▶ WHAT NEEDS TO BE DONE
The lines to find are those in the entries that hold the word "components"; copy every one of them.
(TASK INPUTS begins)
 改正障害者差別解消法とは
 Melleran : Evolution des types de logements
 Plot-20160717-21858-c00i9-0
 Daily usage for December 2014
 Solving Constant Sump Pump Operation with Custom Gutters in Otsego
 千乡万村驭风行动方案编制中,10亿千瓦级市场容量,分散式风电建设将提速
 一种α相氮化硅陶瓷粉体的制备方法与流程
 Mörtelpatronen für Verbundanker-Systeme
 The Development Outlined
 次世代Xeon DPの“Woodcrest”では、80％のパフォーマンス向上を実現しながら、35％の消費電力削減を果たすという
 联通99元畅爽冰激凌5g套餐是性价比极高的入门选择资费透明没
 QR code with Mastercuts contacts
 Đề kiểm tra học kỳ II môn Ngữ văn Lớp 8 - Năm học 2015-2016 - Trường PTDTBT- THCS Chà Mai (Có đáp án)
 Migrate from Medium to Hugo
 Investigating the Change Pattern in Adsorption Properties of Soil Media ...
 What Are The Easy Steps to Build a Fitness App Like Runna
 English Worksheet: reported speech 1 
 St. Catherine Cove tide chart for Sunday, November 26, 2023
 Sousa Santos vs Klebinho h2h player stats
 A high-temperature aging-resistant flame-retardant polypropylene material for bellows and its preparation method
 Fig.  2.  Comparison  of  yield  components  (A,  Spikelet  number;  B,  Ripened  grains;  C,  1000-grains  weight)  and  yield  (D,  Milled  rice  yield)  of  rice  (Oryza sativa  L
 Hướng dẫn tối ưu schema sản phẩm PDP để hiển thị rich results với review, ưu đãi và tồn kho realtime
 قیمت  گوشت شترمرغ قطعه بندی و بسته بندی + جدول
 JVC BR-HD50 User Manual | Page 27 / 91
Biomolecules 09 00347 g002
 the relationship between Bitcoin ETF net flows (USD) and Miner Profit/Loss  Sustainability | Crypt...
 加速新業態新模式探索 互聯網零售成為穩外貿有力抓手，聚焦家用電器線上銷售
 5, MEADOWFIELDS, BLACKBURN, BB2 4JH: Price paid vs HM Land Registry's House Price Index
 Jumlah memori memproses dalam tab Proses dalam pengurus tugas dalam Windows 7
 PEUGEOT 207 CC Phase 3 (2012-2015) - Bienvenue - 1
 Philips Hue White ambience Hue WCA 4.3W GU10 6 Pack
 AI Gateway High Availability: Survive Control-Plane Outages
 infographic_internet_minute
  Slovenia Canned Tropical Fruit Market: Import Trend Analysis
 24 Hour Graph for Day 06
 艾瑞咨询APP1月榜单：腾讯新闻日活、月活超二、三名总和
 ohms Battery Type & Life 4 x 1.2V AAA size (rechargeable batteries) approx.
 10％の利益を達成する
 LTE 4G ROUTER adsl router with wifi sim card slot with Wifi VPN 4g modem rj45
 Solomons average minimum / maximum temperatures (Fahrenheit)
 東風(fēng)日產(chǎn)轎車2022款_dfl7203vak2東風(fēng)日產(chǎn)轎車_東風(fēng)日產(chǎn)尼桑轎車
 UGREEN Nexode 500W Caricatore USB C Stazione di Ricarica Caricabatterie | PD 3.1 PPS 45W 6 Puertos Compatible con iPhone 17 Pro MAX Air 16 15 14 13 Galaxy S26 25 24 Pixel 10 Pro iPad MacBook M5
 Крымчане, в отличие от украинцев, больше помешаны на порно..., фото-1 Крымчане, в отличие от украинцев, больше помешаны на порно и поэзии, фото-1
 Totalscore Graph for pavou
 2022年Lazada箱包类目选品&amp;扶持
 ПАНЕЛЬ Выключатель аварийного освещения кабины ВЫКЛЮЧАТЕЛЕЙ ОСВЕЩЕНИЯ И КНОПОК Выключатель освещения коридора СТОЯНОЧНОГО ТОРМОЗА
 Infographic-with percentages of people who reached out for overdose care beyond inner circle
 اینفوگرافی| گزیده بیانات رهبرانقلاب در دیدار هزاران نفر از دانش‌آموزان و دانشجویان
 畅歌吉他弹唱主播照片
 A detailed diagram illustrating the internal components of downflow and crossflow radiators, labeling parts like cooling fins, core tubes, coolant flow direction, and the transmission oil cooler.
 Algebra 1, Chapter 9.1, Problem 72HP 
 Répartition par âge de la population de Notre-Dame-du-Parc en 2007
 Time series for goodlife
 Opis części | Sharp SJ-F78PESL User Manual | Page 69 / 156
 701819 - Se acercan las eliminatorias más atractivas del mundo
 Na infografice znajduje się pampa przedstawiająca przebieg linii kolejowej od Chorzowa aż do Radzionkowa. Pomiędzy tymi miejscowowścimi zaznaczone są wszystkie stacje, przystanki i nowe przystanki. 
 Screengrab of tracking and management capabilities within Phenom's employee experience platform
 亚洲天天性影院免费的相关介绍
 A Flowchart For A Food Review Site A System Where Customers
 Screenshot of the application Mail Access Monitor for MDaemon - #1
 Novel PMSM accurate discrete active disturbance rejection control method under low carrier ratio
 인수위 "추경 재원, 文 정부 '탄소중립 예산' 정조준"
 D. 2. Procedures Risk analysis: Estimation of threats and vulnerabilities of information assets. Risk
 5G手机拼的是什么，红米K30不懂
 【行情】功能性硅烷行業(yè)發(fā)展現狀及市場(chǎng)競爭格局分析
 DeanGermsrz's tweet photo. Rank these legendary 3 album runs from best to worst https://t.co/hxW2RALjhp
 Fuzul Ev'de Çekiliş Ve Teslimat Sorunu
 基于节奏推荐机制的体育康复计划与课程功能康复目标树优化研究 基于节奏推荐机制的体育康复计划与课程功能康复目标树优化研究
(TASK INPUTS ends)
▶ TASK RESULT
 Fig.  2.  Comparison  of  yield  components  (A,  Spikelet  number;  B,  Ripened  grains;  C,  1000-grains  weight)  and  yield  (D,  Milled  rice  yield)  of  rice  (Oryza sativa  L
 A detailed diagram illustrating the internal components of downflow and crossflow radiators, labeling parts like cooling fins, core tubes, coolant flow direction, and the transmission oil cooler.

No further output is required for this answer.